February 7, 2019 · 0 Comments
By Brian Lockhart
When asked ‘Why do you rob banks?’ notorious bank robber Willie Sutton glibly replied “because that’s where the money is.”
It was a wise-guy comment of course, considering he was a criminal who shoved a gun in people’s faces and demanded money for a living.
He wasn’t quite so glib when he ended up spending half of his life in prison for his crimes.
The truth is that a newspaper reporter mostly likely made up that quote – but it sold papers at the time.
Sutton apparently managed to steal around $2 million during his exploits.
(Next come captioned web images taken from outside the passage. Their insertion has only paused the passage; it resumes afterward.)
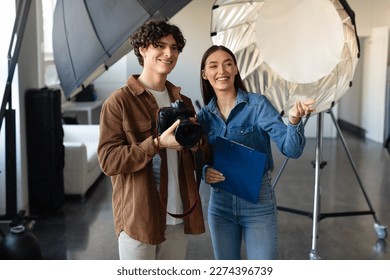 Confident young male photographer talking with his female assistant, preparing for photo or video shooting while woman pointing forwards and smiling - Powered by Shutterstock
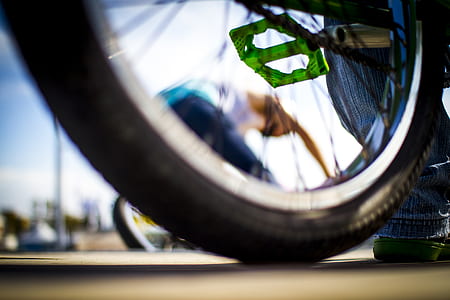 low angle photography of bike tires thumbnail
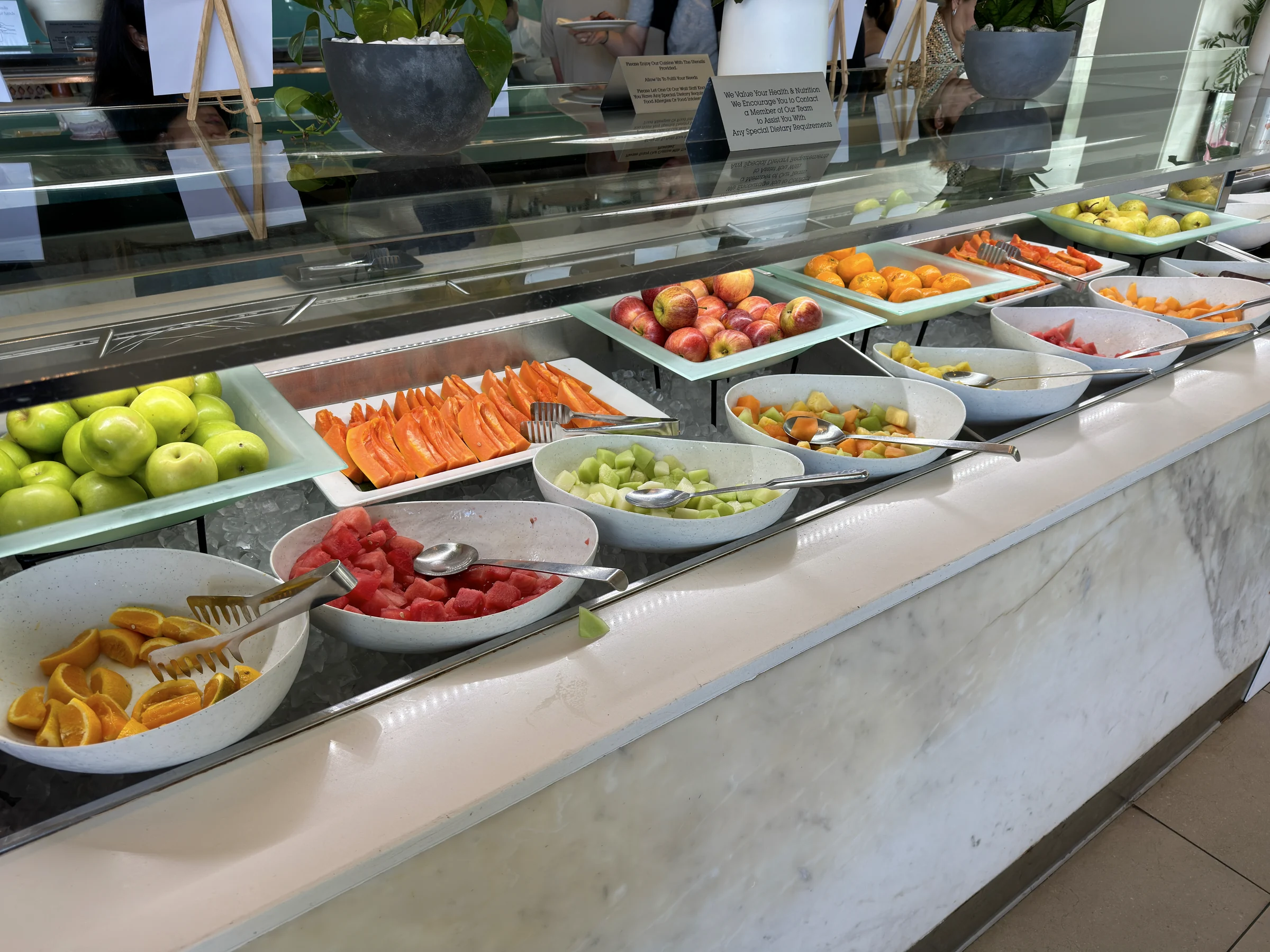 Fruit and salad at the buffet.
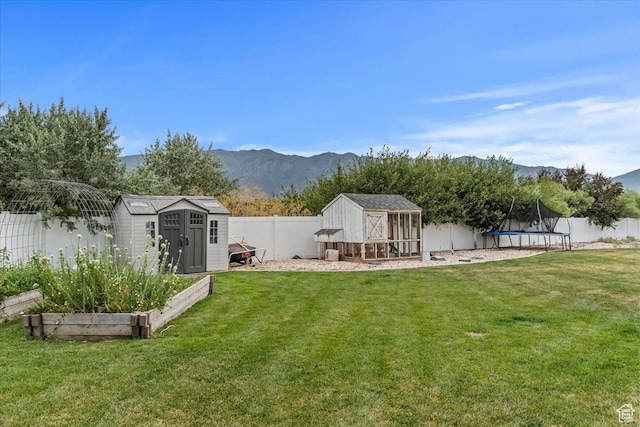 1820 W 950 N, Layton, UT 84041 - fenced backyard featuring a trampoline, a storage unit, a vegetable garden, and a mountain view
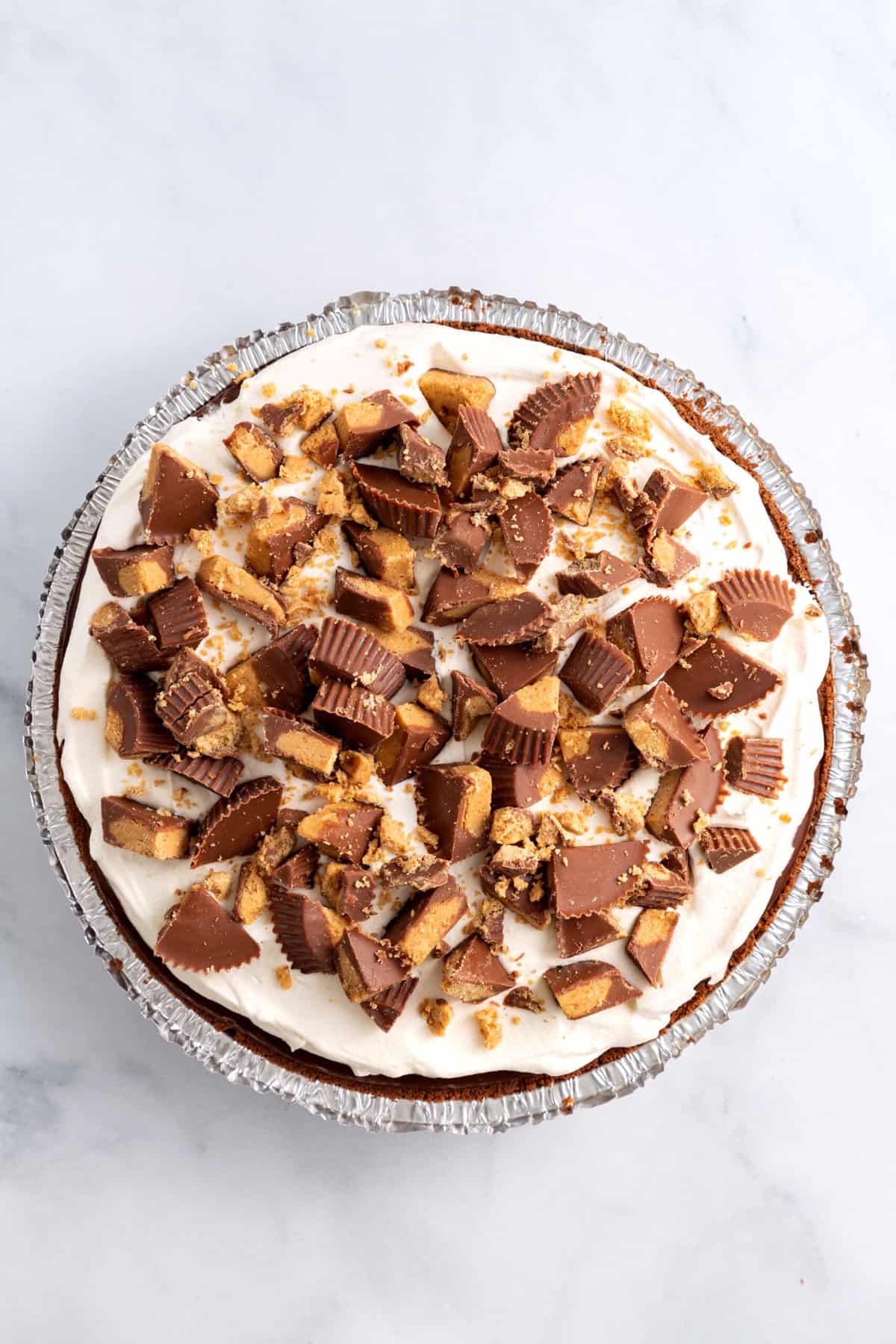 store-bought chocolate pie crust with peanut butter filling and chocolate ganache topped with whipped topping and chopped peanut butter cups.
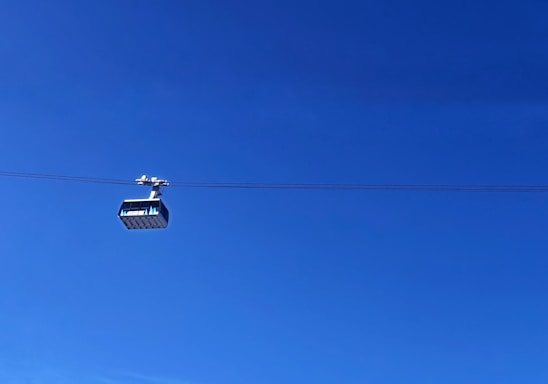 A sleek fiber optic cable installation against a clear blue sky over a small town.
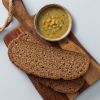 Roggebrood met kom soep op houten plank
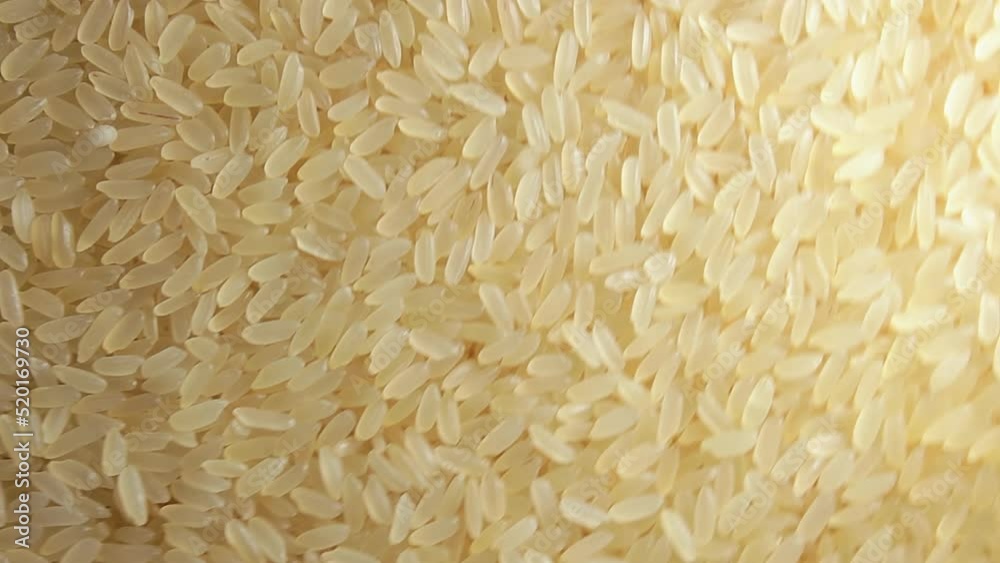 Dry Uncooked Parboiled Rice Background Rotating Clockwise - Top View. Scattered Raw Long Grain Rice. Asian Cuisine and Culture. Healthy Eating Ingredients. Diet Food. Angular Rotation Right Dry Uncooked Parboiled Rice Background Rotating Clockwise - Top View. Scattered Raw Long Grain Rice. Asian Cuisine and Culture. Healthy Eating Ingredients. Diet Food. Angular Rotation Right
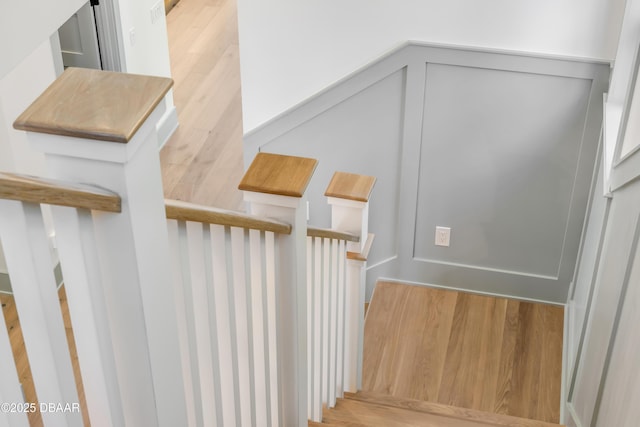 stairs featuring wood finished floors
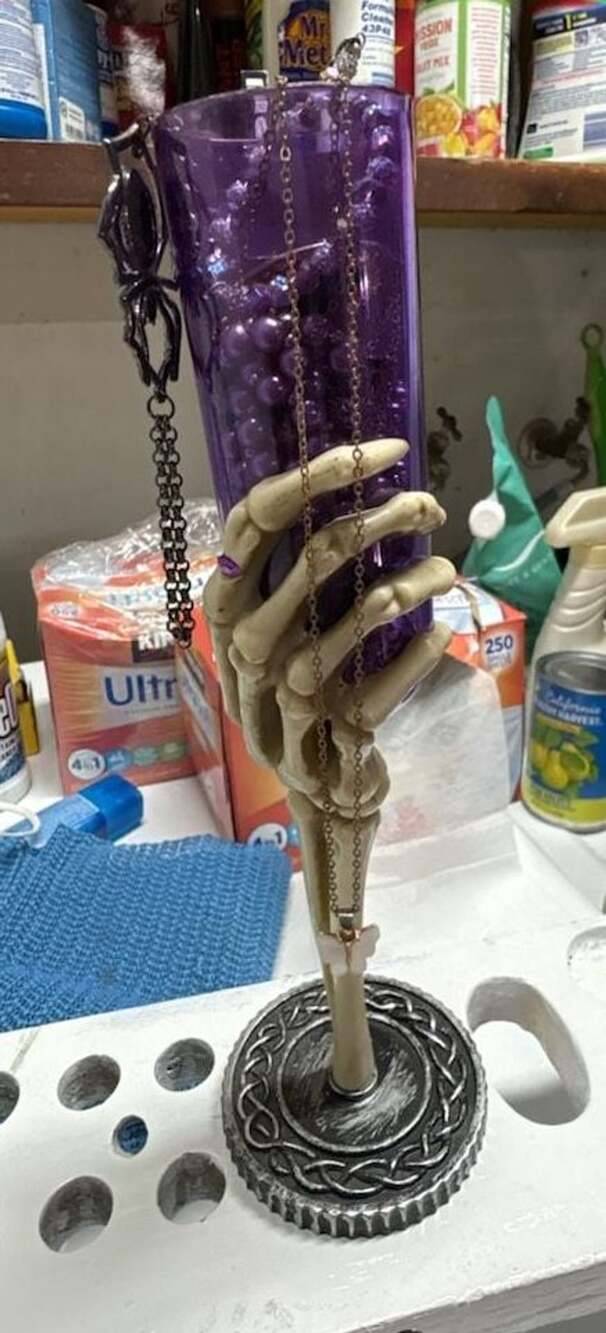 Halloween Skeleton Hand Purple Champagne Flute filled with jewelry all wearable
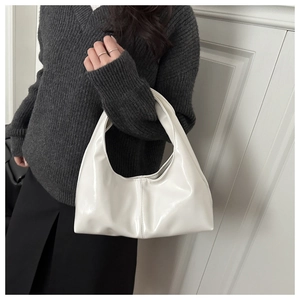 Detailed view of the glossy white faux leather finish and curved structure of the shoulder bag
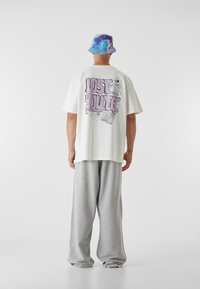 Biela voľná džersejová tričko s grafickým dizajnom a nápisom "STRATENÁ MLADOSŤ" v purpurovej farbe na chrbte, skombinované so svetlošedými teplákmi a viacfarebným klobúkom.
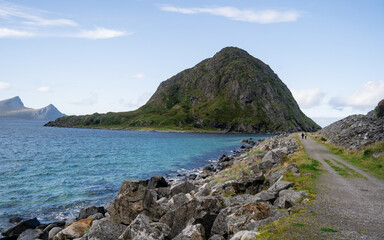 A beautiful coastal landscape showcasing a rocky shoreline with a prominent green hill rising by the sea. The clear blue water gently laps against the rocks, and the background features distant mount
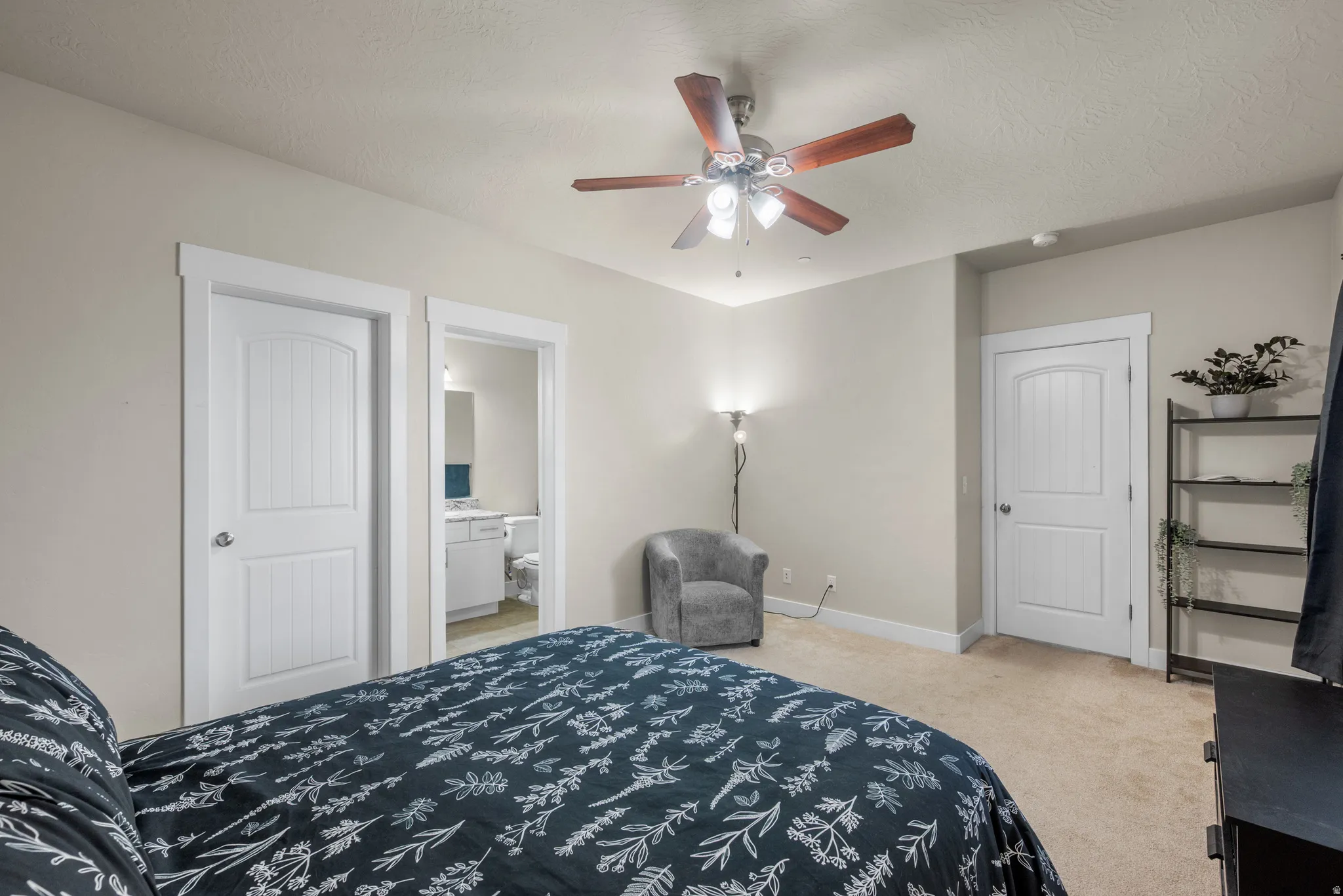 Bedroom featuring light carpet, ensuite bath, ceiling fan, and a textured ceiling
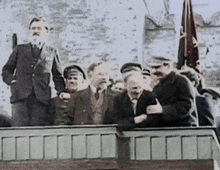 a group of men standing on a balcony with a flag in the background .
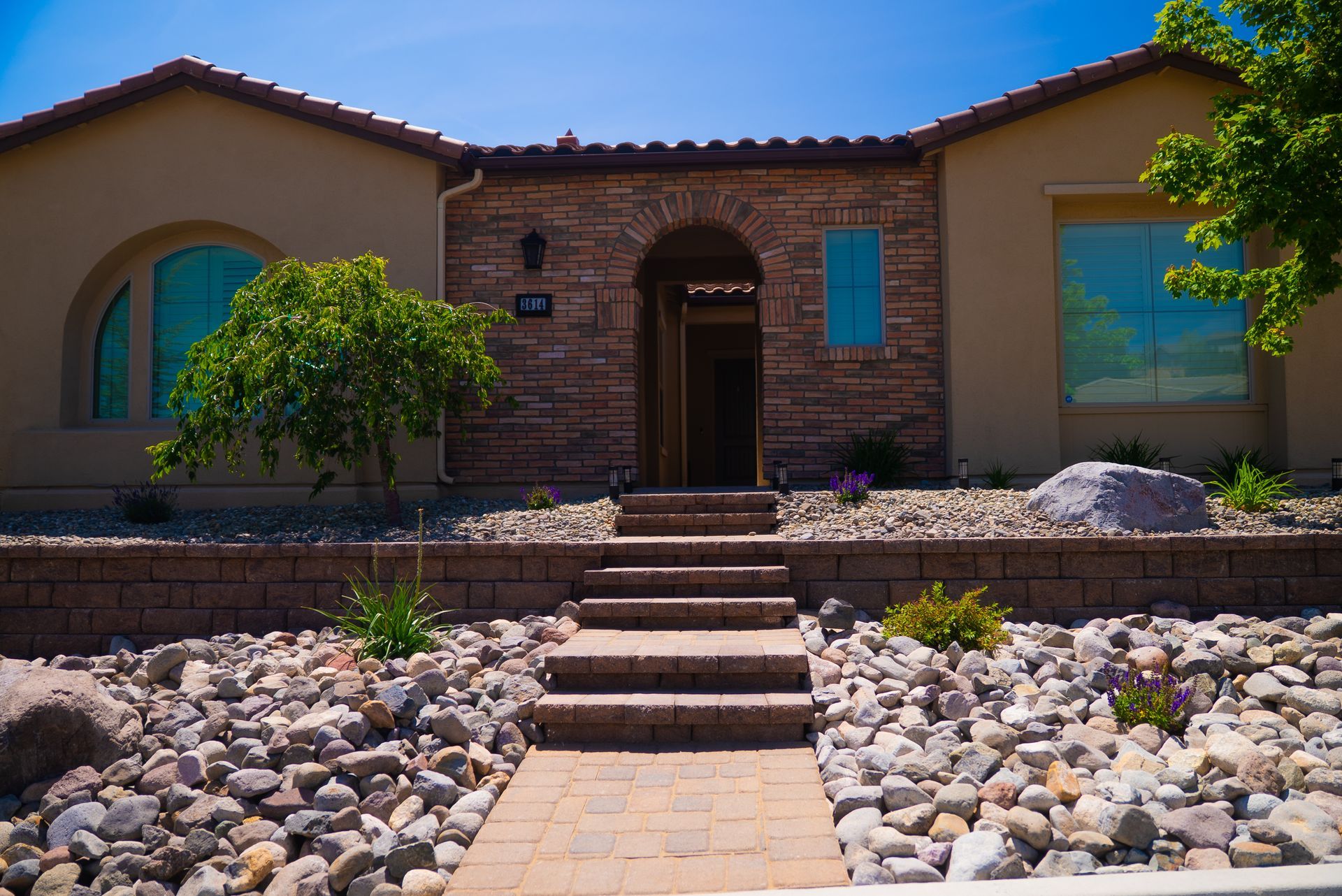 Tan house with stone and brick facade, steps leading to entrance, and rock landscaping.
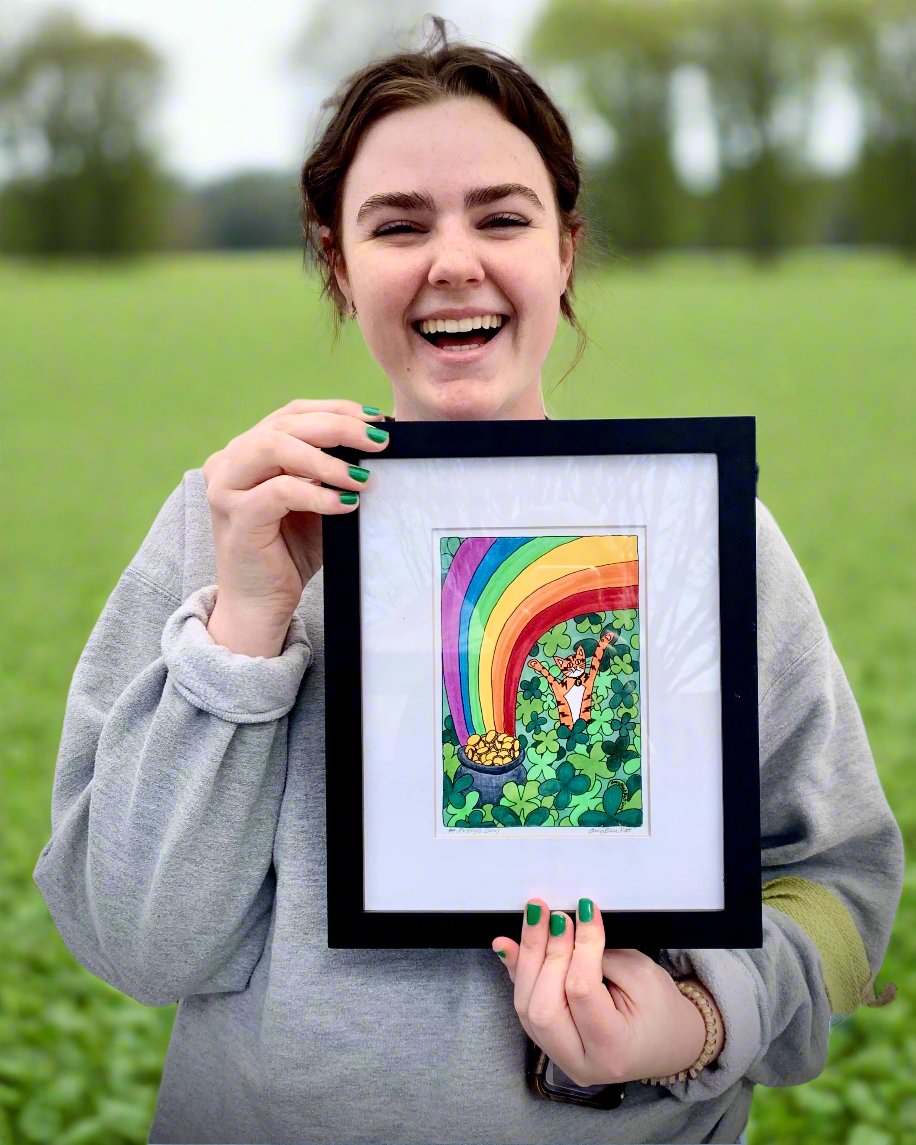 A woman holding A framed print of a colorful ink drawing featuring Superpussy-an orange cat with his paws in the air in field of four-leaved clovers beside a rainbow and pot of gold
That was back in the days when banks had money – real money – and the vault that they locked up every night was loaded with customer’s cash.
These days you would have to be an idiot, even for a criminal, to try robbing a bank.
For starters, robbing a bank and using a gun like Slick Willie, in Canada, will net you a minimum prison term of at least five years and a maximum stretch of life behind bars.
Secondly, banks don’t have much cash on hand.
Say you have $100,000 in your savings account and you give the teller a withdrawal slip for $10,000 because you’re heading to Las Vegas to bet it all on red on the roulette table.
The teller won’t have $10,000 in her cash drawer, and most likely she’ll summon the branch manager to come and speak to you.
A transaction of $10,000 or more requires a financial institution to make a ‘large transaction’ report. This is done to flag people involved in money laundering or criminal or terrorist activities.
Then the bank manager will probably tell you that a transaction of that size in paper money might take a day or two. They will have to find the cash somewhere or maybe have it brought in during the next armored car visit.
That’s modern times for ya.
There used to be a saying that ‘cash is king,” meaning cash in your hand meant a lot more than a promise to pay, and handing over cash will net you whatever item you are purchasing in an immediate transaction.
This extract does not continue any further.